Background
At the time the Act passed, it was U.S. policy to eliminate Indian reservations, dividing their territory and distributing it to individual Indians to own like any other person, in a process called "allotment." Before allotment, reservation territory was not owned in the usual western sense, but was reserved for the benefit of entire Indian tribes, with its benefits apportioned to tribe members according to tribal law and custom. Generally, Indians held the land in a communal fashion.
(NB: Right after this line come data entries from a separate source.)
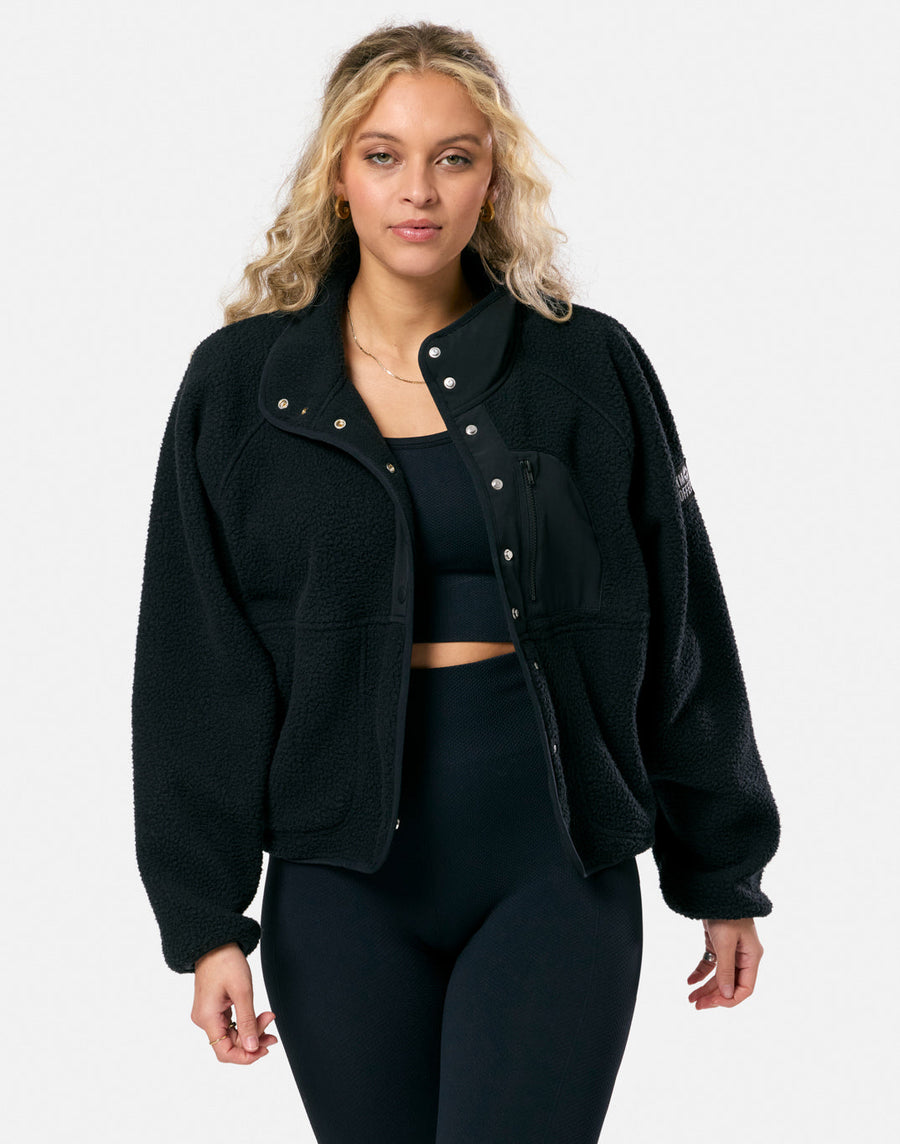 Horizon Layer Up Jacket in Black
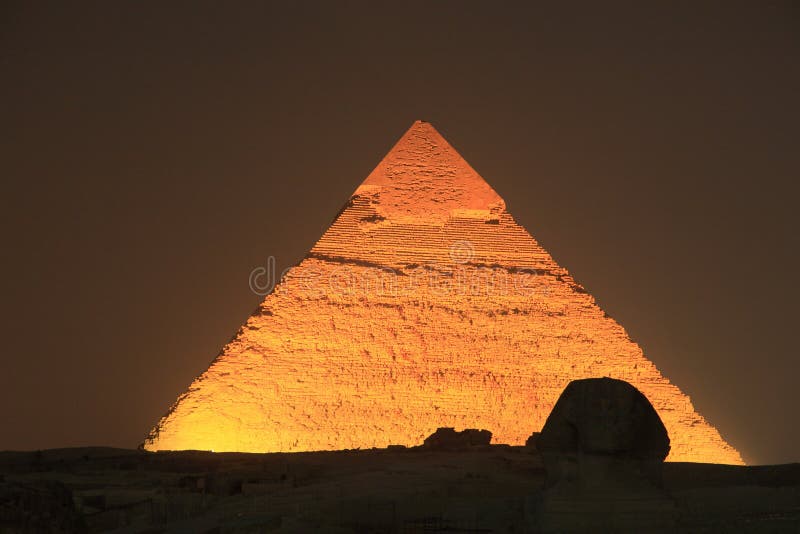 φωτισμένη giza πυραμίδα της Αι&ga στοκ εικόνες φωτισμένη giza πυραμίδα της Αι&ga στοκ εικόνες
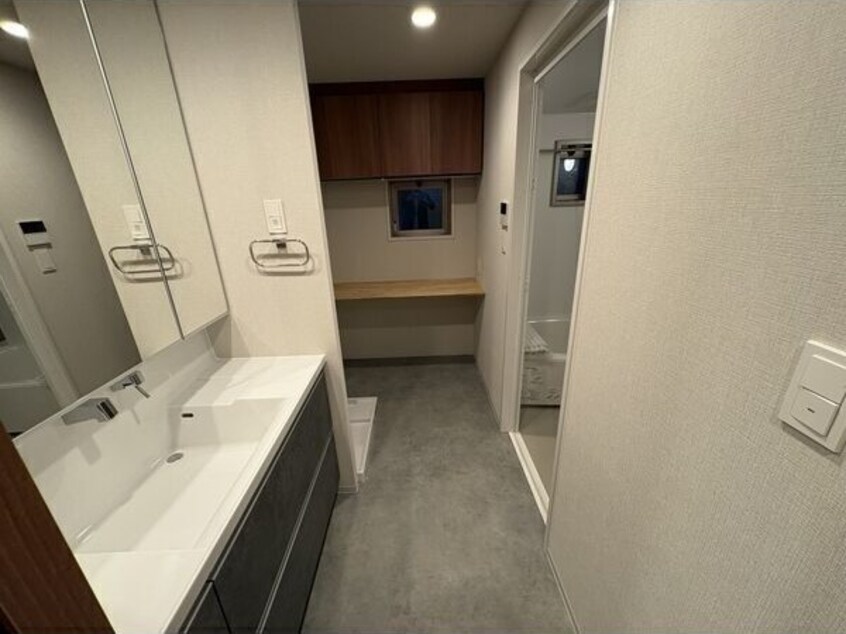  名鉄名古屋本線/二ツ杁駅 徒歩5分 3階 1年未満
It was not possible for any non-Indian to own land on reservations, a fact which limited the value of the land to the Indians (It reduced the market for it).
The process of allotment started with the General Allotment Act of 1887, and by 1934, two thirds of Indian land had converted to traditional private ownership (i.e. it was owned in fee simple) and most of that had been sold by its Indian allottee.
The Indians who sold their land (most received 80 acres) often did not get much value for it, either getting a poor price or squandering the cash windfall they received. This left Indians as a class poor.
John Collier, who was appointed Commissioner of what is now called the Bureau of Indian Affairs in 1933 under President Franklin Delano Roosevelt, had become convinced that federal Indian policies needed to be changed to correct injustices. He had already worked ten years at the Indian Defense Fund and become familiar with many issues.
The Act was signed into law by President Roosevelt in 1934.